Türkçe Meali
Rahman Rahim olan Allah`ın adıyla
- De ki: "Bana gerçekten şu vahyolundu: Cinlerden bir grup dinleyip de şöyle demişler: -Doğrusu biz, (büyük) hayranlık uyandıran bir Kur`an dinledik"
- "O (Kur`an), `gerçeğe ve doğruya` yöneltip-iletiyor. Bu yüzden ona iman ettik. Bundan böyle Rabbimiz`e hiç kimseyi ortak koşmayacağız."
- Elbette, Rabbimiz`in şanı Yücedir. O, ne bir eş edinmiştir, ne de bir çocuk."
- "Doğrusu şu: Bizim beyinsizlerimiz, Allah`a karşı `bir sürü saçma şeyler` söylemişler."
- "Oysa biz, insanların ve cinlerin Allah`a karşı asla yalan söylemeyeceklerini sanmıştık."
- "Bir de şu gerçek var: İnsanlardan bazı adamlar, cinlerden bazı adamlara sığınırlardı. Öyle ki, onların azgınlıklarını arttırırlardı."
- "Ve onlar, sizin de sandığınız gibi Allah`ın hiç kimseyi kesin olarak diriltmeyeceğini sanmışlardı."
- "Doğrusu biz göğü yokladık; fakat onu güçlü koruyucular ve şihablarla kaplı (doldurulmuş) bulduk."
- "Oysa gerçekte biz, dinlemek için onun oturma yerlerinde otururduk.

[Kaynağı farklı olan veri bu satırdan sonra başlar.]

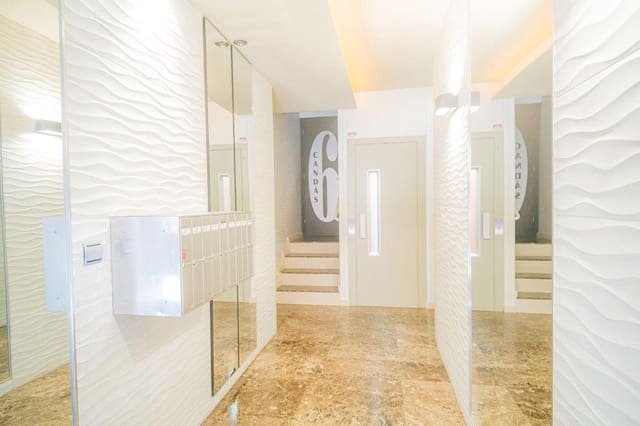 3 bedroom Apartment for sale in Gijón - € 340,000 (Ref: 9007737)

Ama şimdi kim dinleyecek olsa, (hemen) kendisini izleyen bir şihab bulur."
- "Doğrusu bilmiyoruz; yeryüzünde olanlara bir kötülük mü istendi, yoksa Rableri kendileri için (doğruya iletici) bir hayır mı diledi?"
- "Gerçek şu ki, bizden salih olanlar vardır ve bunun dışında (ya da aşağısında) olanlar da. Biz türlü türlü yolların fırkaları olmuşuz."
- "Biz şüphesiz, Allah`ı yeryüzünde asla aciz bırakamıyacağımızı, kaçmak suretiyle de O`nu hiçbir şekilde aciz bırakamıyacağımızı anladık."
- "Elbette biz, o yol gösterici (Kur`an`ı) işitince, ona iman ettik. Artık kim Rabbine iman ederse, o ne (ecrinin) eksileceğinden korkar ve ne de haksızlığa uğrayacağından."
- "Ve elbette bizden Müslüman olanlar da var, zulmedenler de. İşte (Allah`a) teslim olanlar, artık onlar `gerçeği ve doğruyu` araştırıp-bulanlardır."
- Zulmedenler ise, onlar da cehennem için odun olmuşlardır.
- Eğer onlar (insanlar ve cinler), yol üzerinde `dosdoğru bir istikamet tuttursalardı`, mutlaka Biz onlara bol miktarda su içirir (tükenmez bir rızık ve nimet verir)dik.
- Ki, kendilerini bununla denemek için. Kim Rabbinin zikrinden yüz çevirirse, (Allah), onu `gittikçe şiddeti artan` bir azaba sürükler.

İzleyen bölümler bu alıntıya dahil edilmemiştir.